Imediatamente Léo retirou a cabeça do amigo da banheira e sentando-se no chão, perguntou assustado se ele estava bem. Nenhuma resposta, sem pulso, nem respiração. A cabeça se inclinava tocando o ombro.
Medo e culpa tomaram Léo, que parecia retornar ao pesadelo daquela manhã.
— Alex! — gritou, mas não tinha voz.
Na porta o velho se aproximou:
— Boa noite! — disse o ancião com tranquilidade.
— Quê? — indagou Léo com estranheza e desespero.
— A falta de oxigênio tira dele a consciência, mas ele não está morto. Deve ser uma sensação horrível sufocar até sucumbir. Esse autocontrole ele desenvolveu agora.

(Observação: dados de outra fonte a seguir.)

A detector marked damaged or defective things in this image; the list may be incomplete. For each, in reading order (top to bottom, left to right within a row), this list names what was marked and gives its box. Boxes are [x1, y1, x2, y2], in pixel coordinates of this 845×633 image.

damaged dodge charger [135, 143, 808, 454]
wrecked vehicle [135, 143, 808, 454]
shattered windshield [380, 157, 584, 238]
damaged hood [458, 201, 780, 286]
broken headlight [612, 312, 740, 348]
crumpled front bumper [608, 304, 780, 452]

— Alex acorda! — grita Léo.
— Não adianta gritar, ele volta daqui a alguns minutos, como hoje de manhã. Pelo que me contou, quando ele acordou já estava seco, e você estava desmaiado. Você não deveria ficar tão desesperado. — o velho continuava a falar calmamente. — Coloque-o na cama… não que isto faça alguma diferença para ele, mas não gosto de vê-lo deitado no chão do banheiro… E que banheiro bagunçado hem!
De volta ao quarto.
— Preciso que cuide dele. Não viverei muito, Francisco ficará sozinho e sei que não posso confiar a tutela dele a meu filho. Eu ainda não contei isto a ele, mas estou tendo problemas com meus bens, tenho um filho que abandonei. Falsifiquei documentos para ter a guarda de Chico, mas descobriram. Francisco não existe legalmente, não posso assim passar parte dos meus bens para ele, estou tentando resolver tudo. Mas estou cansado. Peço que cuide dele. Pode soar de forma esquisita pedir para um adolescente cuidar de um imortal, mas Chico não precisa de sabedoria ou dinheiro, Chico precisa de amor. Se ele se sentir amado, valorizado, então se importará em cuidar de si mesmo. — o velho que mantinha o olhar preso a Alex, observou: — Ele voltou a respirar, agora vou seguir meu caminho. Por favor, te peço algo que não posso dar a Chico, peço que fique com ele de hoje em diante.
O velho saiu do quarto. Léo pode ouvir os seus passos descendo a escada, depois houve silêncio, quebrado três minutos depois:
— Agora acredita em mim? — perguntou Alex.
— Acredito. — sussurrou Léo — é impossível, mas digamos que por hora eu decidi acreditar para ver até onde isso vai.
— Compreende porque temo me aproximar de Maria? Sou imortal.
— Mas a Maria não!
O velho saiu da casa e caminhou lentamente até a rodoviária.